SUPPLIED DATA >>
------
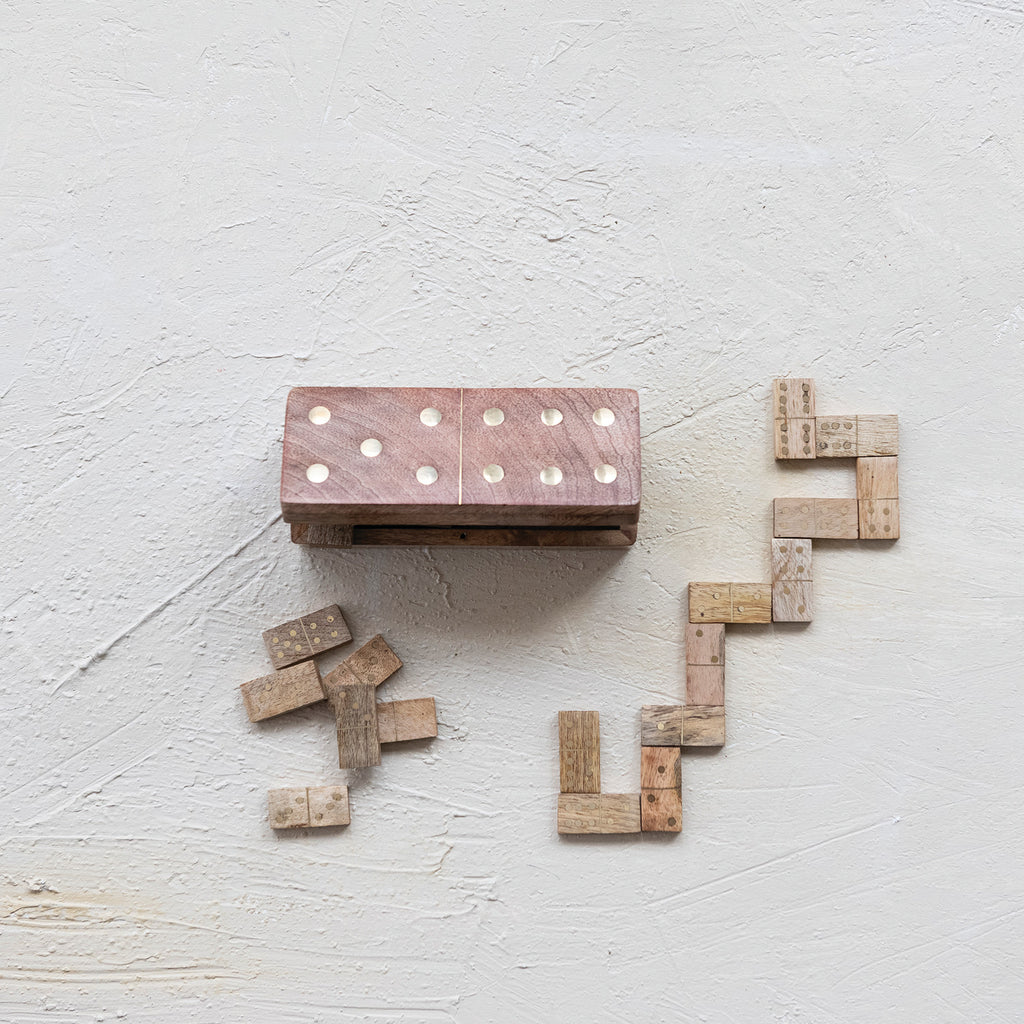 Mango Wood Dominoes Box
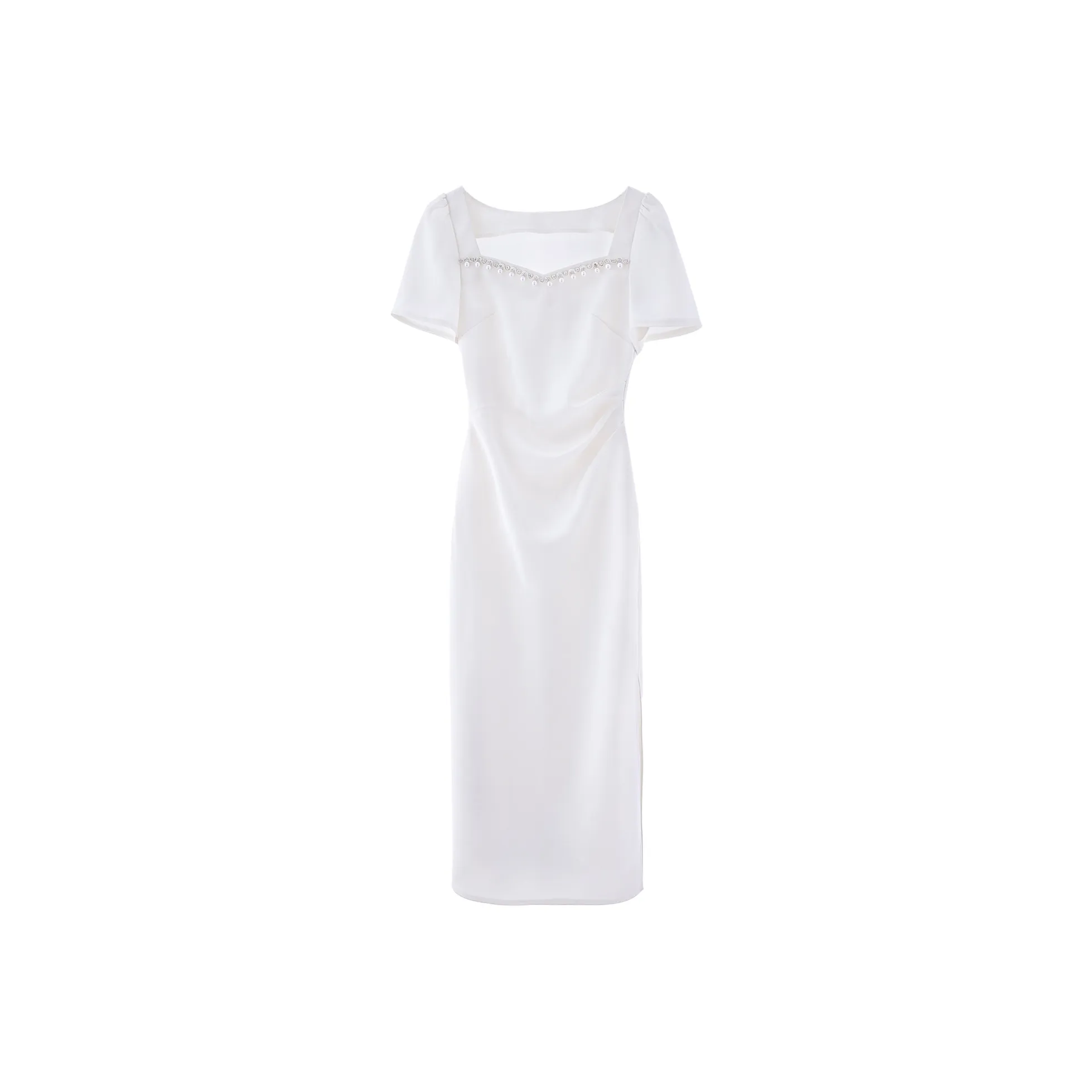 Blovelan Short Sleeved Dress Women's Apricot White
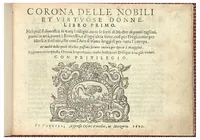 Picture 1 of 17 from Corona delle nobili et virtuose donne. Libro Primo (1601), leaf 0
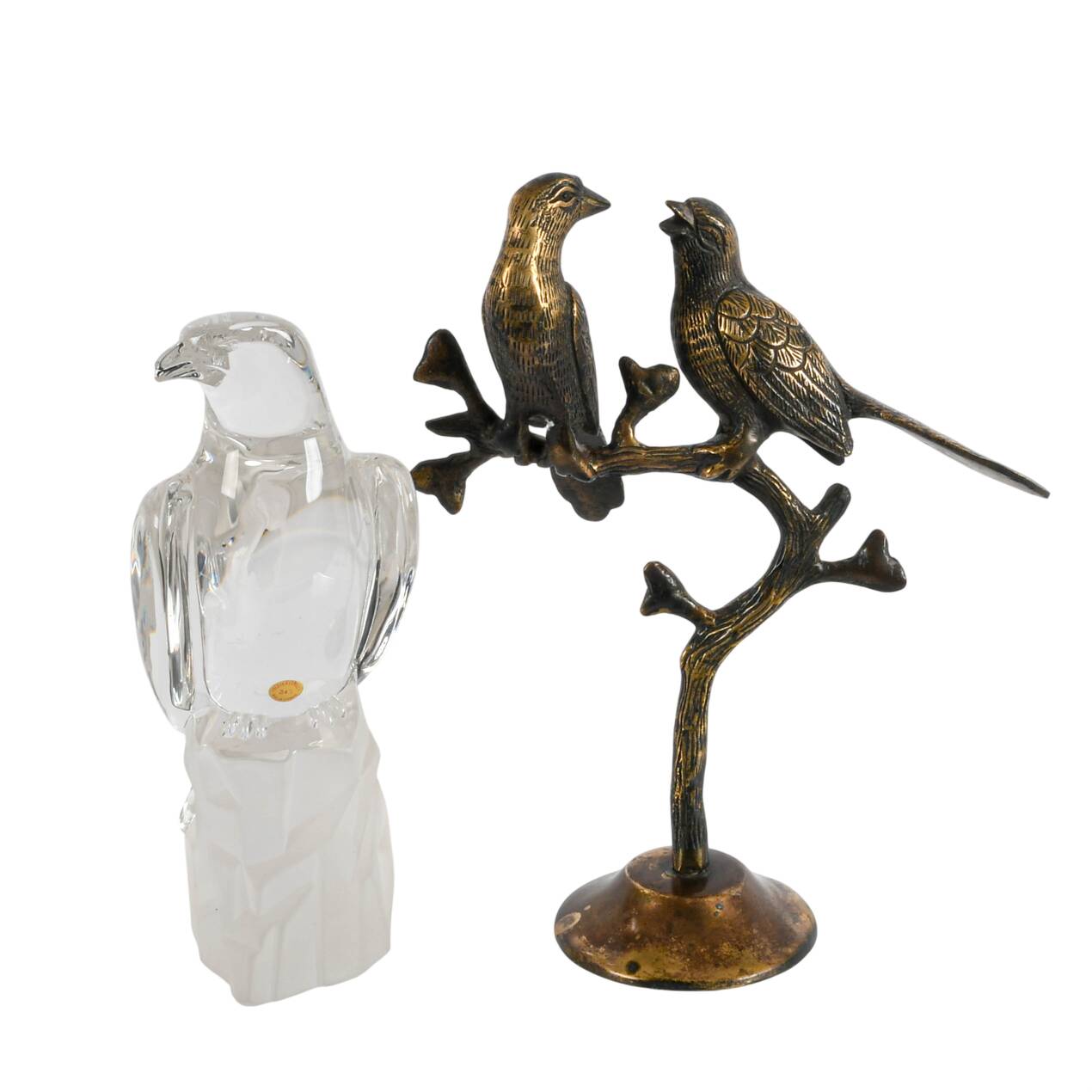 Pair of Decorative Bird Figurines; Love Birds on Branch and Bleikrist Eagle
------
EXERCISE GOAL >> The lines from the one holding "Picture 1 of" through the end of the material above are to be echoed exactly, both ends included. Do not include pictures.

EXERCISE RESULT >>
 Picture 1 of 17 from Corona delle nobili et virtuose donne. Libro Primo (1601), leaf 0
 Pair of Decorative Bird Figurines; Love Birds on Branch and Bleikrist Eagle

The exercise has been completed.